# Samba 3.5 Upgrade and File Systems Other than UFS



## CsHoSI (Dec 12, 2010)

I had Samba 3.0.28 working great on FreeBSD 7.0-RELEASE with EXT2 and ZFS file systems.  I did a portsnap update and had to rebuild Samba, I tried both 3.4 and 3.5 versions.  I tried with portmanager -f to build port and all dependencies too.

Now with the newer Samba, I can start it, I can log-in to the previous shares, but can only browse certain directories.  Directories with a number of files/directories--more than a dozen or two, fail to load with both Windows and [cmd=]mount -t smbfs ...[/cmd] on a Linux machine.  The network resource becomes unavailable on Windows and get an I/O error on Linux doing an 'ls'.  With smbclient, listing the directories that don't respond return, 
	
	



```
Receiving SMB: Server stopped responding... Call returned zero bytes...
```
  I see in the logs smbd causes a panic.
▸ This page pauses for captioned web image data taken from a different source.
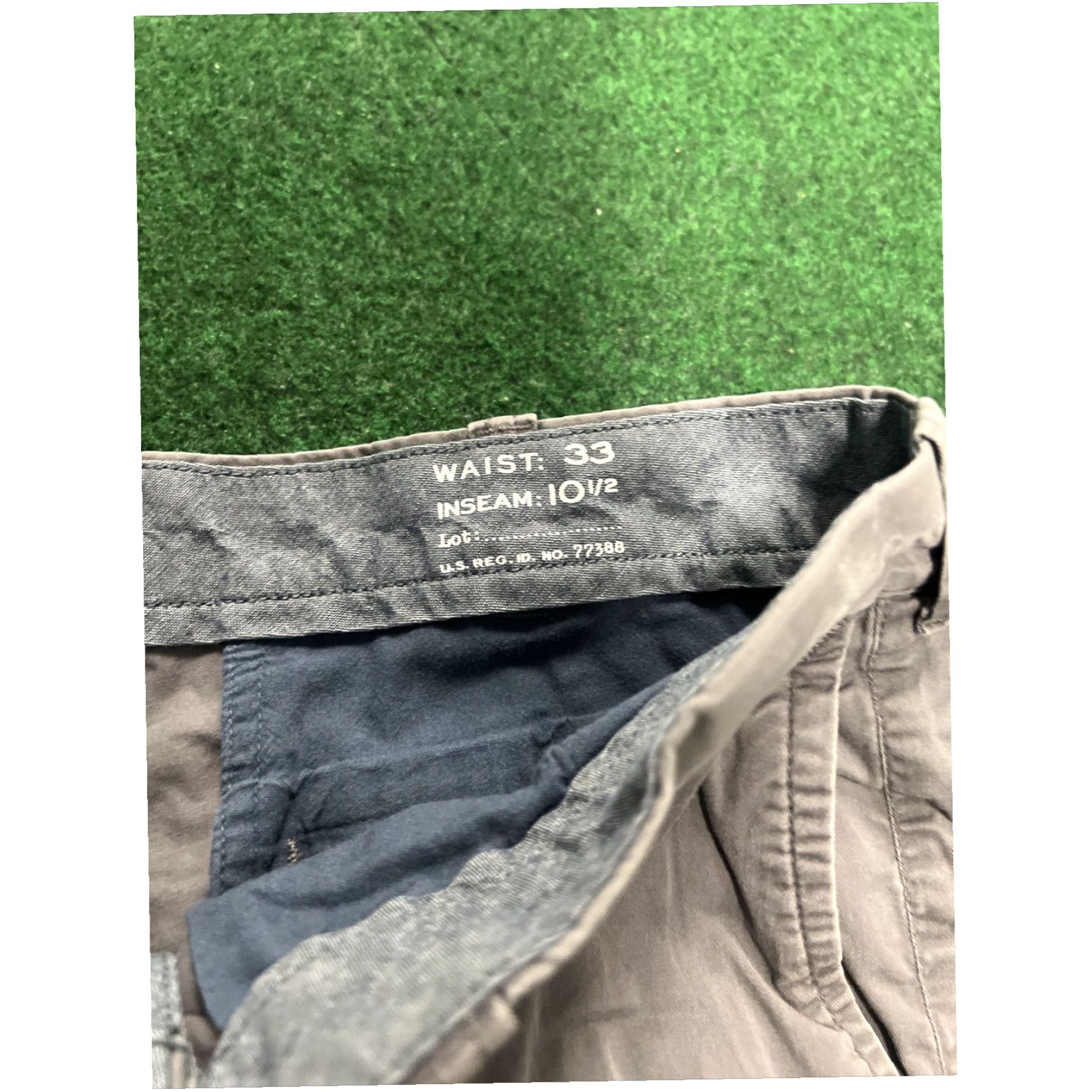 J.Crew J.Crew Shorts Adult 33 Gray Chino Stretch 10.5" Inseam Casual Preppy Mens Size US 33 - 4 Thumbnail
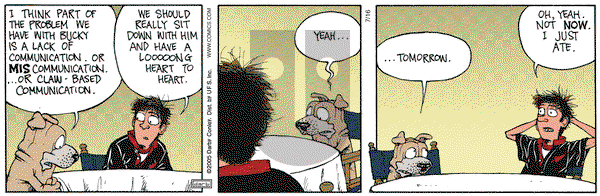 Get Fuzzy on Monday July 16, 2007 Comic Strip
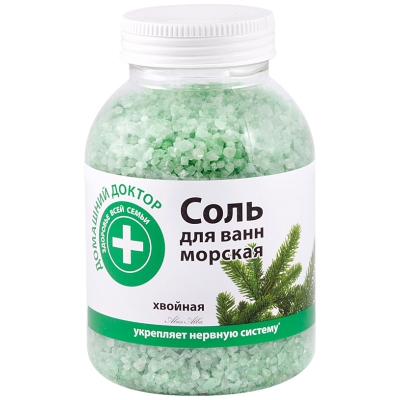 Domowy Doktor Sól morska do kapieli wzbogacona ekstraktem i olejkiem eterycznym z igieł jodły pospolitej 1000g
Smaller directories load fine and can transfer files like normal.

I had set on the previous version, 
	
	



```
directory name cache size=0
```
 so that for very large directories all sub-directories would show.  Before that option was set it would only display around 150.  I tested without that option with no change to previously stated problem.

I made a new share to test with its path to a UFS file system.  On the UFS share, I can browse large directories just fine, with several thousand sub-directories and files.

After upgrading, I deleted /var/db/samb and /usr/local/etc/samba that the ports install told me about.  I re-created my Samba accounts.  Am I missing some kind of cache directory?  Is there some other options pertaining to display of large directories I can add?

I am led to believe that my problem lies with my EXT2 and ZFS shares, or previously cached shares.  I can browse small directories on EXT2 and ZFS paths.  The new share I created with a path to UFS allows me to browse large directories.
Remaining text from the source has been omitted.